# Axixtech MB-30



## ggb6259 (Jan 14, 2010)

I am spending $200 on a minibar... Can't see spending more on a blinking light. 

Leaning towards the Axixtech MB-30 / 5 yr warranty (I'm at $190 shipped). Everything I read is positive and I like the smaller size. The SNM EBR is in the same price range slightly larger,saw a few others... 

Any reason not to get the Axixtech... ?

gb


----------



## durafish (Sep 6, 2011)

I'm looking at the same light....snm had it for $180 I think on black Friday I was about to get it, but didn't find much reviews.


----------



## ggb6259 (Jan 14, 2010)

I'm just going to pull the trigger on it tomorrow.

Truck will be ready and it's a reasoanble proce. Wither will be better than the rotator I currectly have.. I will post a review...

Gary


----------



## ggb6259 (Jan 14, 2010)

Got the Axixtech in today. Smaller than I expected but it's a good looking light. Size might be a positive as I can keep in the cab when not in use and it won't eat what little storage I have. Might fit under a seat. Really bright with the sun down. Will check it during the day tomorrow. Has more than enough light patterns available. I got the magnetic version. Magnets are basic flat kind and they give you a thin plastic label to put over the edge of the feet/magnets. I will improve on that as I don't trust them not scratching the roof. The cord is nice heavy diameter, straight and plenty long enough. I hate those curly cords on the cheap rotator I have. 

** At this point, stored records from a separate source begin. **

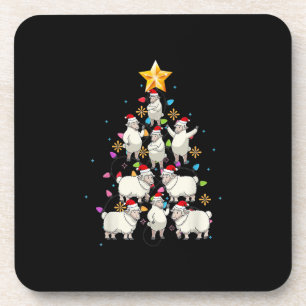 Santa Sheep Christmas Tree Lights Funny Sheep Gift Coaster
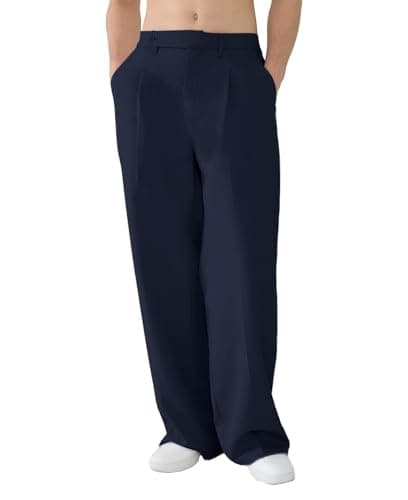 Susclude Mens Casual Dress Pants Pleated Old Money Wide Leg Baggy Pants Fall Relaxed Fit Slacks Work Trousers Navy Blue - Image 1
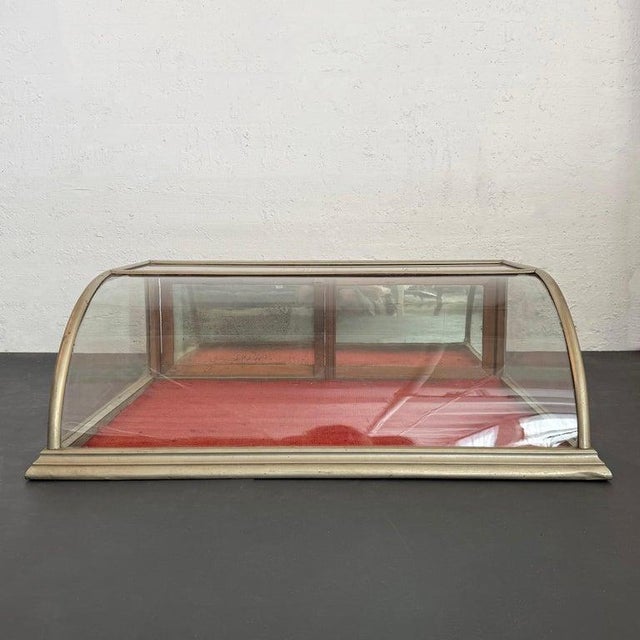 Industrial Antique Curved Glass Nickel Plated Countertop Display Case For Sale - Image 3 of 11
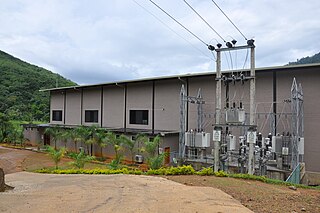 Denawaka Ganga Mini Hydro Power Project Dam in Ratnapura, Sabaragamuwa Province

First impression is it's well built. 
I expect it's going to fit my needs well and for under $200 delivered it's very reasonable. 

gb


----------



## jhall22guitar (Dec 11, 2011)

The axxixtech lights are nice, I have the $220 minibar that SNM offers from them and I love it, never had a problem and its bright! 

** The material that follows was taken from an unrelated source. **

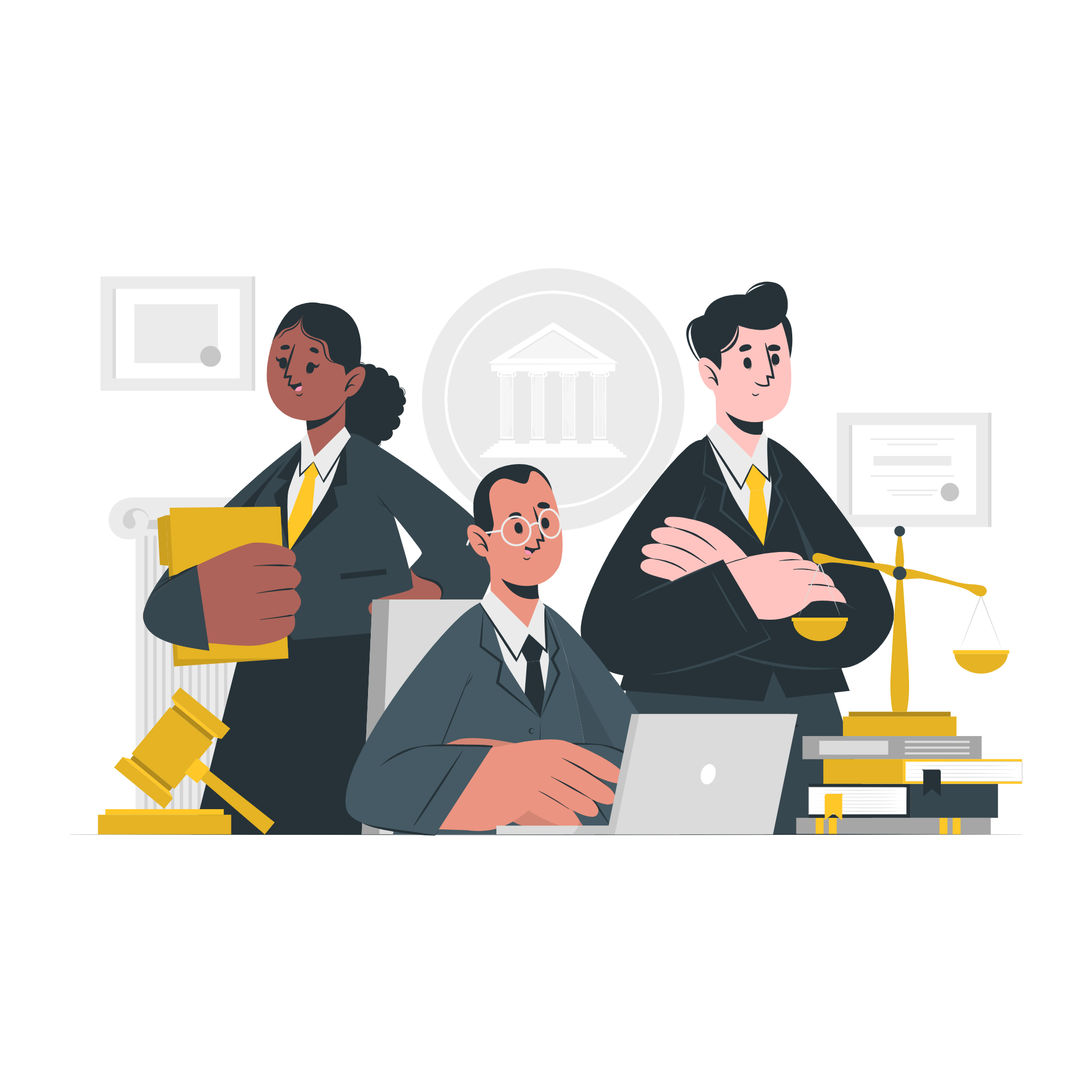 Legal professionals collaborating in a law office illustration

I thought the same thing about the feet so I mounted it to my Back Rack, looks nice, and now it wont fly away on the highway!


----------



## Hubjeep (Jan 9, 2002)

Considering this bar. I like how compact it is. SNM has it for $200 on it's site http://www.strobesnmore.com/Axixtech-MB30-Mini-LED-Lightbar.html


----------



## ggb6259 (Jan 14, 2010)

The Axxitech has been a great little light. I would highly recommend it.

Gary


----------



## Strobesnmore (Jan 31, 2007)

The Axixtech bar is very nice, priced right, and very bright. They are small but they do pack a huge punch. They are about the size of a frisbee but more oval.


----------